ACTION ITEM ▸
Only the pictures are to be dropped; the rest of the data below is to be duplicated exactly.

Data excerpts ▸
════════

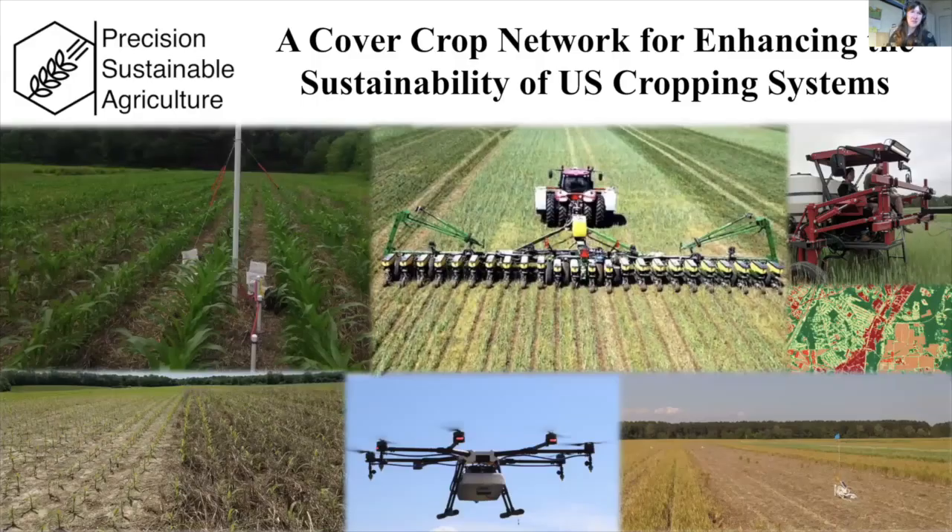Good morning, everyone. Welcome to our webinar — the Digging In with Cover Crops and Conservation webinar series hosted by the University of Vermont, in partnership with many organizations including the USDA SARE, Eastern Soybean Network, and the USDA NIFA Grants Program.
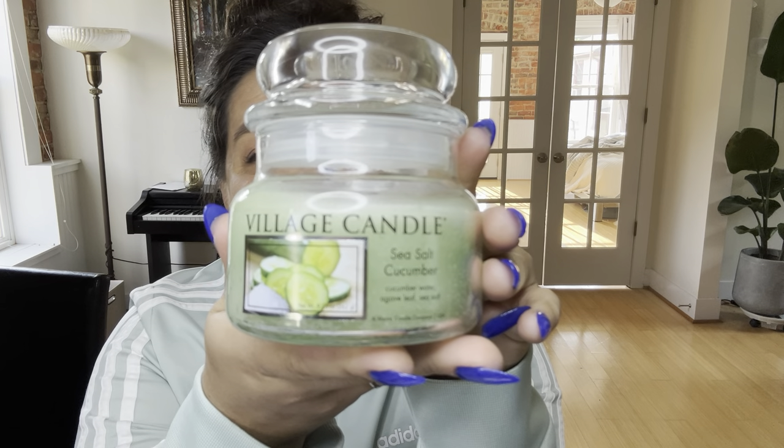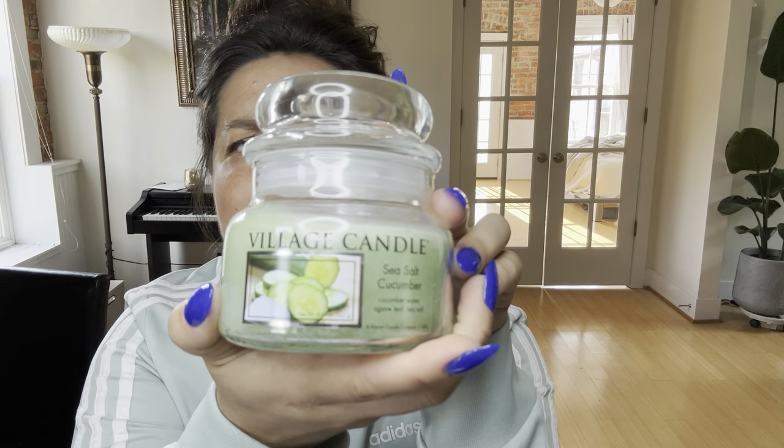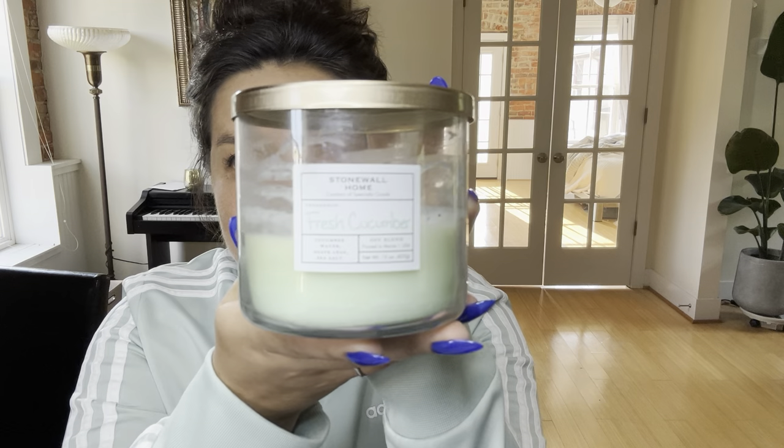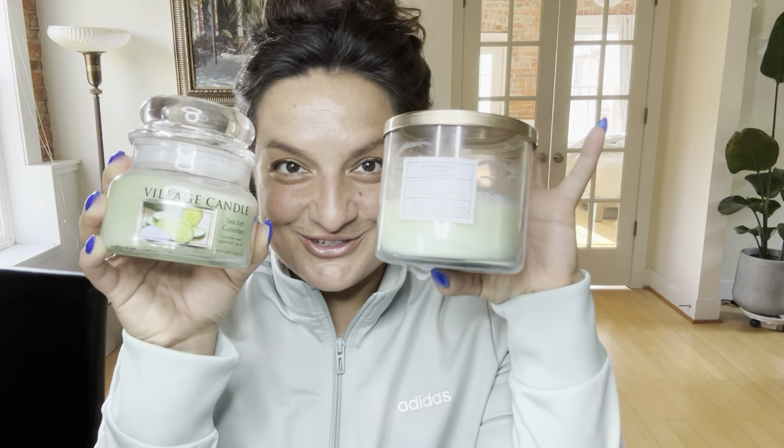There are two lines that Stonewall Kitchen now manages and develops. One of them is one they procured, which is Village Candle, and the candle in question here is Sea Salt Cucumber. And this is a little one — they come in various different sizes. The second one is Stonewall Home. I'm having trouble with my camera. Stonewall Home has Fresh Cucumber. So Fresh Cucumber and Sea Salt Cucumber right here. I actually have a White Barn lid on this because those of you who burn candles all the time know that you just have candles and lids all over the place, and this got misplaced.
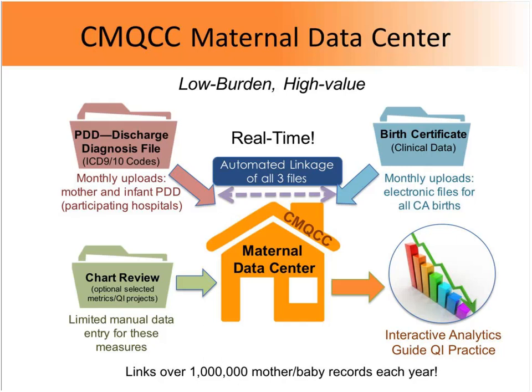You could have data in the system through December 2015 right now. We also receive birth certificate data from the state — the original source is your hospital, entered by your birth clerks, sent to the state, and then populated into your hospital account by us with no extra work. We take these two large data sets, automatically link them, and completely automatically calculate dozens of different perinatal quality and management statistics to guide your quality improvement activities.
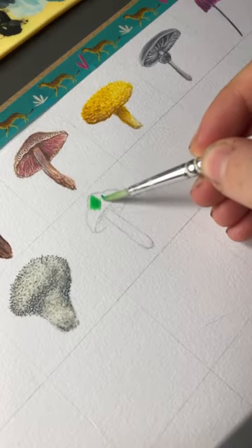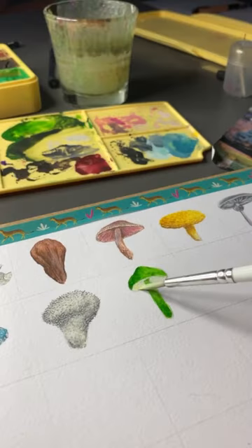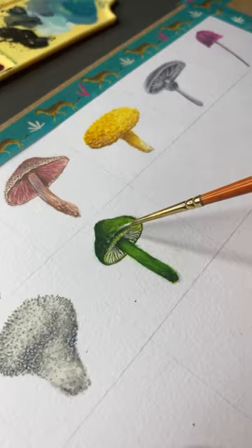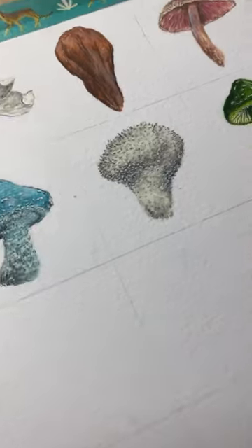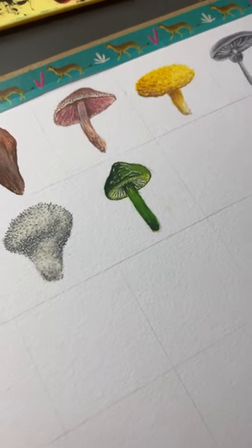Welcome to day 11 of my mini mushroom series. Today we have the slimy Gleophora citichinas, also known as the parrot wax cap. This is a green yellow mushroom and fruits in late autumn. It is in fact edible with a mild flavour, so come back soon for day 12.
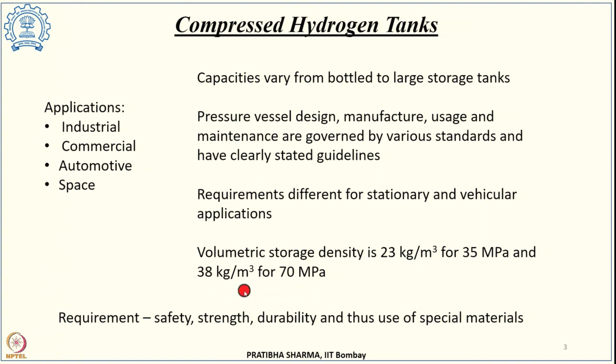When using compressed hydrogen tanks, there are several requirements in terms of safety, strength, and durability, requiring special materials that can sustain such high pressures. Hydrogen is a peculiar molecule — it has very high diffusivity and is the smallest molecule — so there are several challenges associated with storing it.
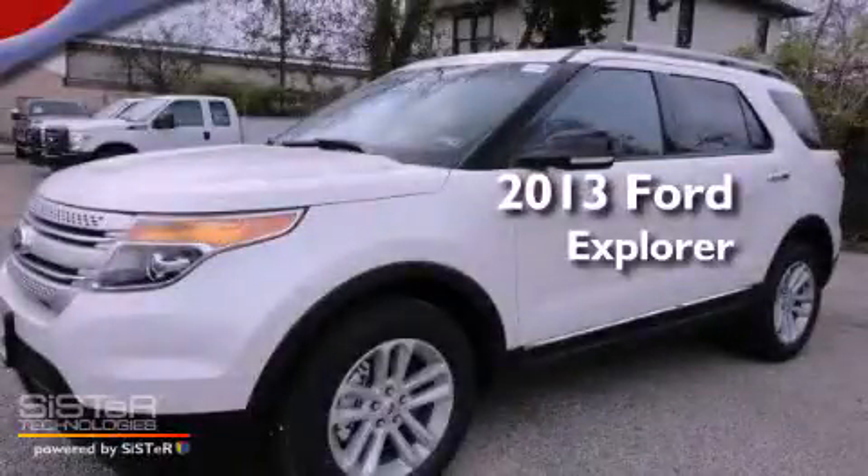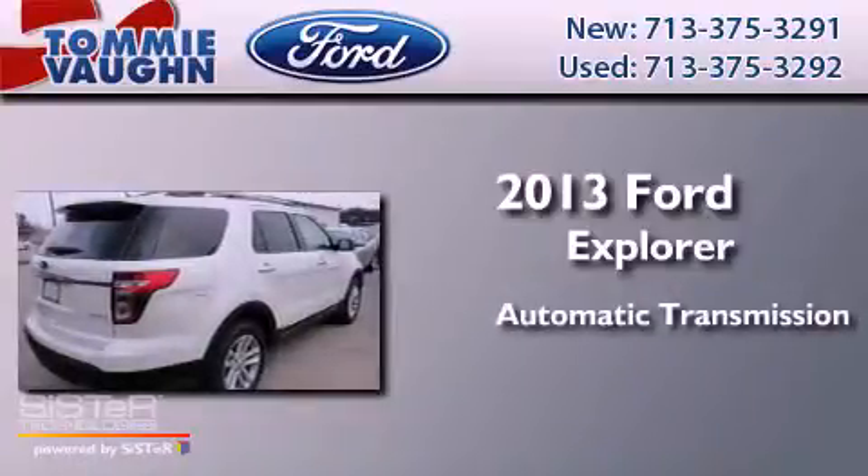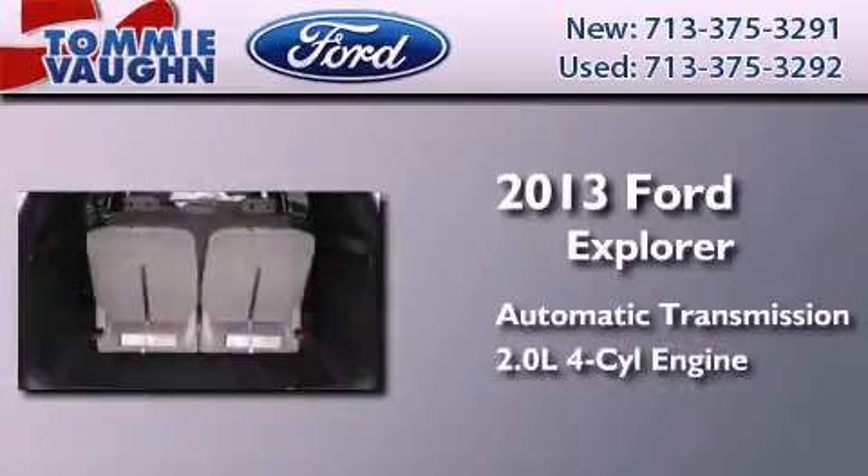This is a brand new 2013 Ford Explorer. This SUV has an automatic transmission and an inline four-cylinder engine.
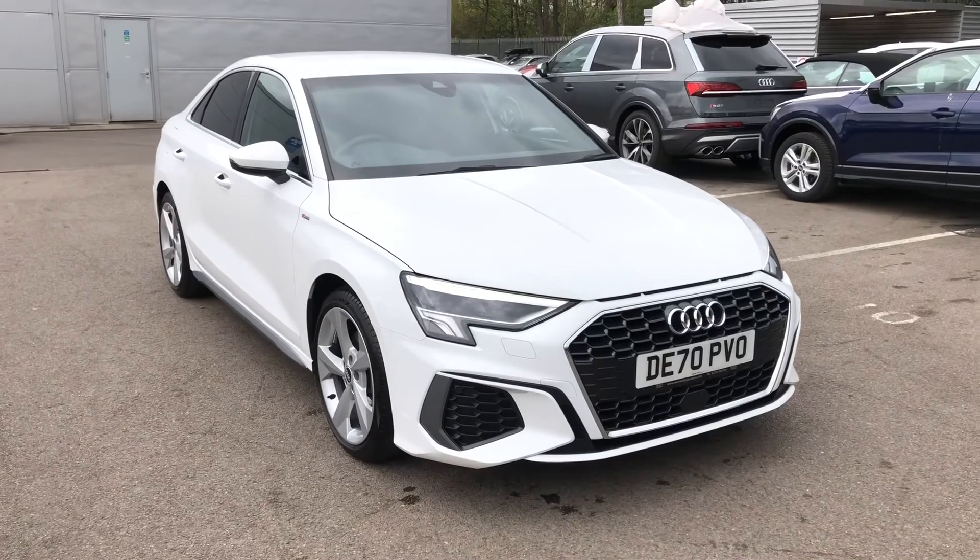If you'd like to know any more about this Audi A3 Saloon here at Crew Audi, give us a call on 01270 864091. Thank you for watching.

════════

ANSWER AREA ▸
Good morning, everyone. Welcome to our webinar — the Digging In with Cover Crops and Conservation webinar series hosted by the University of Vermont, in partnership with many organizations including the USDA SARE, Eastern Soybean Network, and the USDA NIFA Grants Program.
There are two lines that Stonewall Kitchen now manages and develops. One of them is one they procured, which is Village Candle, and the candle in question here is Sea Salt Cucumber. And this is a little one — they come in various different sizes. The second one is Stonewall Home. I'm having trouble with my camera. Stonewall Home has Fresh Cucumber. So Fresh Cucumber and Sea Salt Cucumber right here. I actually have a White Barn lid on this because those of you who burn candles all the time know that you just have candles and lids all over the place, and this got misplaced.
You could have data in the system through December 2015 right now. We also receive birth certificate data from the state — the original source is your hospital, entered by your birth clerks, sent to the state, and then populated into your hospital account by us with no extra work. We take these two large data sets, automatically link them, and completely automatically calculate dozens of different perinatal quality and management statistics to guide your quality improvement activities.
Welcome to day 11 of my mini mushroom series. Today we have the slimy Gleophora citichinas, also known as the parrot wax cap. This is a green yellow mushroom and fruits in late autumn. It is in fact edible with a mild flavour, so come back soon for day 12.
When using compressed hydrogen tanks, there are several requirements in terms of safety, strength, and durability, requiring special materials that can sustain such high pressures. Hydrogen is a peculiar molecule — it has very high diffusivity and is the smallest molecule — so there are several challenges associated with storing it.
This is a brand new 2013 Ford Explorer. This SUV has an automatic transmission and an inline four-cylinder engine.
If you'd like to know any more about this Audi A3 Saloon here at Crew Audi, give us a call on 01270 864091. Thank you for watching.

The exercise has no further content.